_Collected material_

____

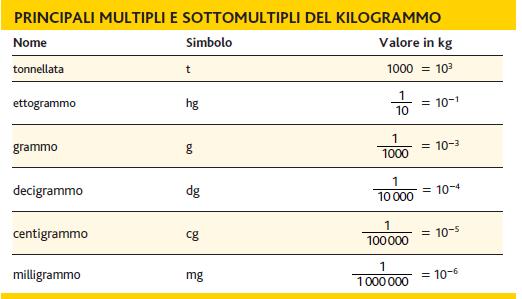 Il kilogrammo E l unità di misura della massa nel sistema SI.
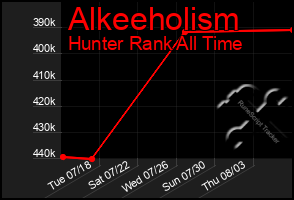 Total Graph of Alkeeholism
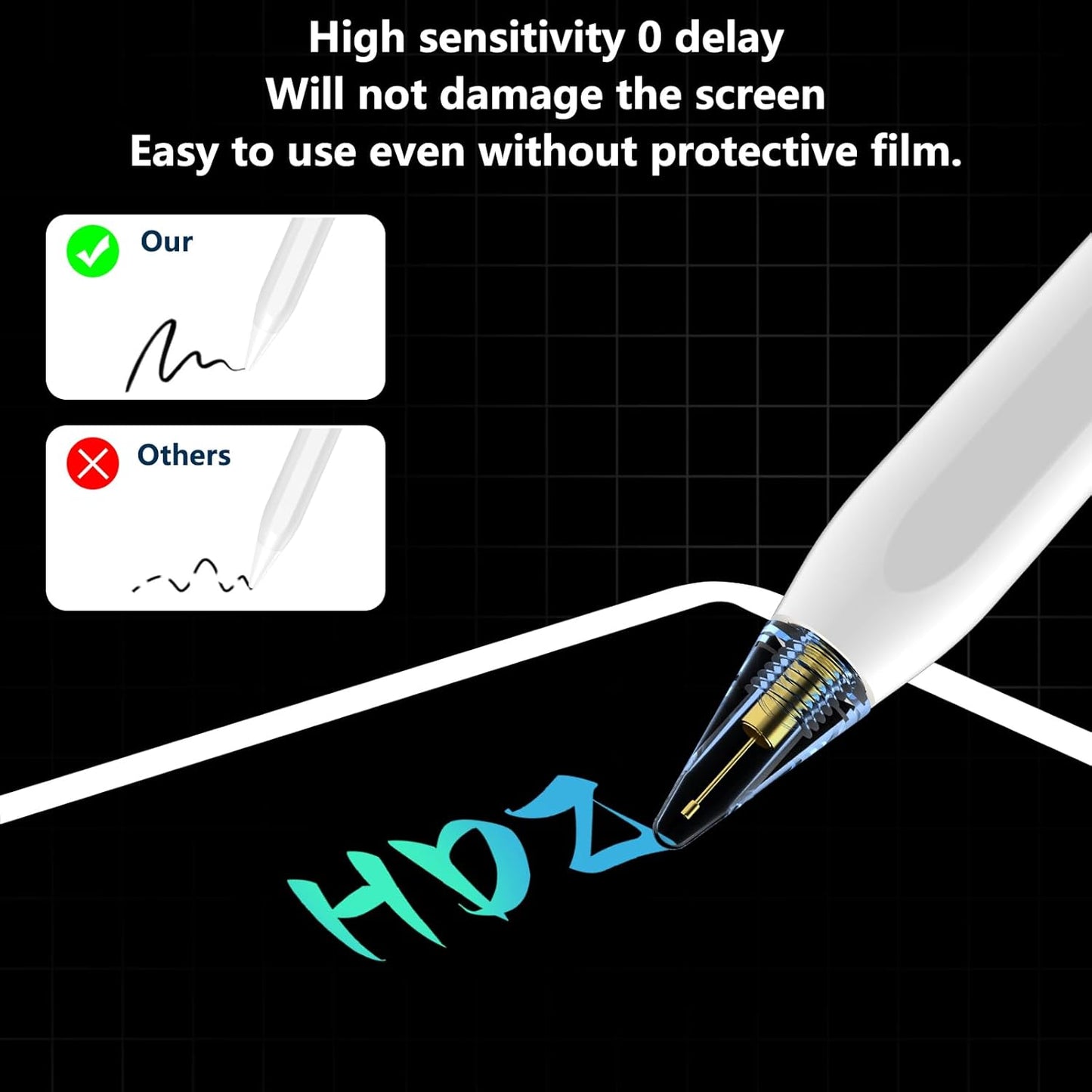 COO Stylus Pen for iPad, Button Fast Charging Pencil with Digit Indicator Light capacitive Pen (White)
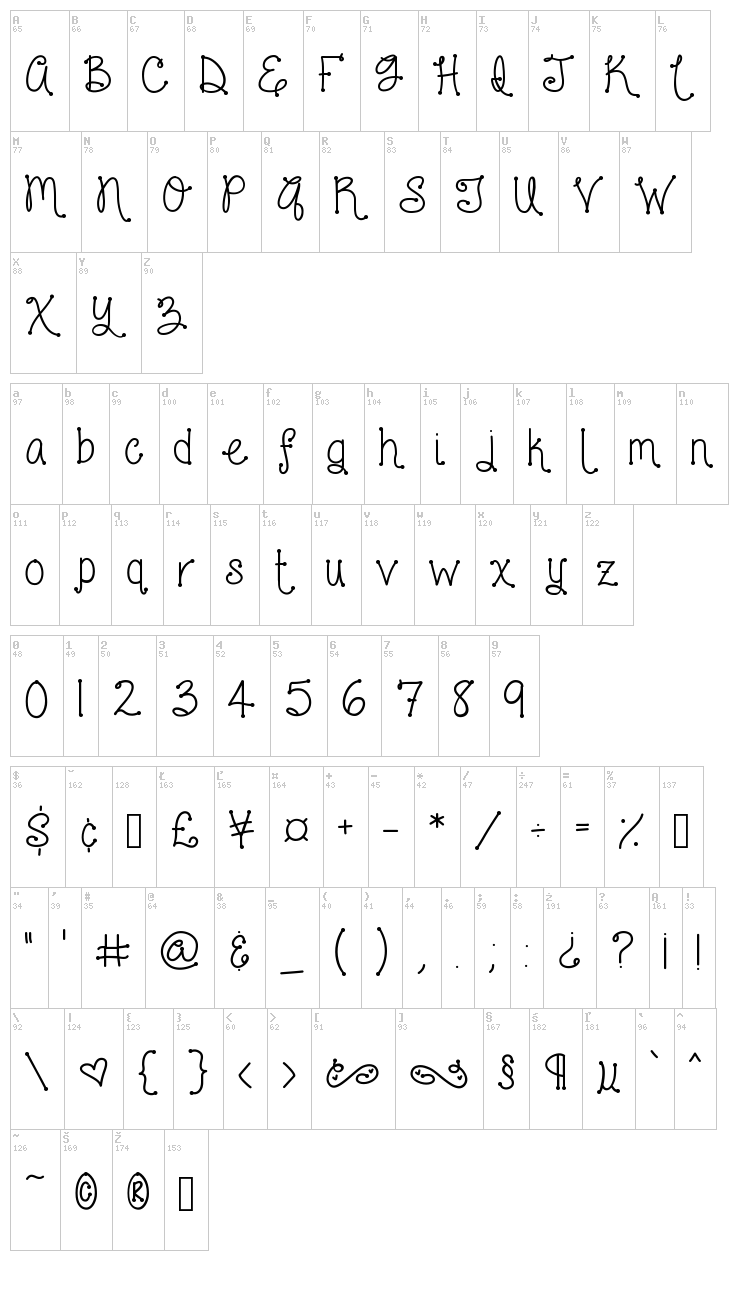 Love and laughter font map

____

_To do_
Print out all the material above exactly as it appears, omitting the images.

_Solution for this exercise_
 Il kilogrammo E l unità di misura della massa nel sistema SI.
 Total Graph of Alkeeholism
 COO Stylus Pen for iPad, Button Fast Charging Pencil with Digit Indicator Light capacitive Pen (White)
 Love and laughter font map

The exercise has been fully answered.